Peritrichia capicola

Scientific classification
- Kingdom: Animalia
- Phylum: Arthropoda
- Class: Insecta
- Order: Coleoptera
- Suborder: Polyphaga
- Infraorder: Scarabaeiformia
- Family: Scarabaeidae
- Genus: Peritrichia
- Species: P. capicola
- Binomial name: Peritrichia capicola (Fabricius, 1801)
- Synonyms: Melolontha capicola Fabricius, 1801 (not Fabricius, 1781) ; Peritrichia distincta Blanchard, 1850 ; Trichius hirtus Fabricius, 1798 ; Trichius pilosus Fabricius, 1798 ;

= Peritrichia capicola =

- Genus: Peritrichia (beetle)
- Species: capicola
- Authority: (Fabricius, 1801)

Species of beetle

Peritrichia capicola is a species of beetle of the family Scarabaeidae. It is found in South Africa (Western Cape).

== Description ==
Adults reach a length of about 7.5-9.5 mm.
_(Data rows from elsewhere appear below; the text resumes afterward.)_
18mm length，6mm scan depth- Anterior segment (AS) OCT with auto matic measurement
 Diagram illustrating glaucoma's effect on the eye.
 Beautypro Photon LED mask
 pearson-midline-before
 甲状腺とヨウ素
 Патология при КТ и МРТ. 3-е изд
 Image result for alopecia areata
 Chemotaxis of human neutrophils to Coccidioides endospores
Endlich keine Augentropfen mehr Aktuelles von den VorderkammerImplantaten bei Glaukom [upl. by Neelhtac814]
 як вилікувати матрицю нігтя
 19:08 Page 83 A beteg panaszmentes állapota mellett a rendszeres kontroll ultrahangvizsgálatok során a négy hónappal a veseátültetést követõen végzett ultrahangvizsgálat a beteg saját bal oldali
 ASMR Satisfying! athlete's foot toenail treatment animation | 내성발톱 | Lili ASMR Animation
They are black, with the elytra testaceous red, broadly margined with black outwardly and along the suture in males, redder and not infuscate in females. There is a narrow band of short, sub-squamose hairs along the margins of the pronotum, and as often as not there are two minute patches of similar hairs on the disk. The elytra are clothed with long greyish and black hairs, the former pre-dominating in males, and flavescent in females.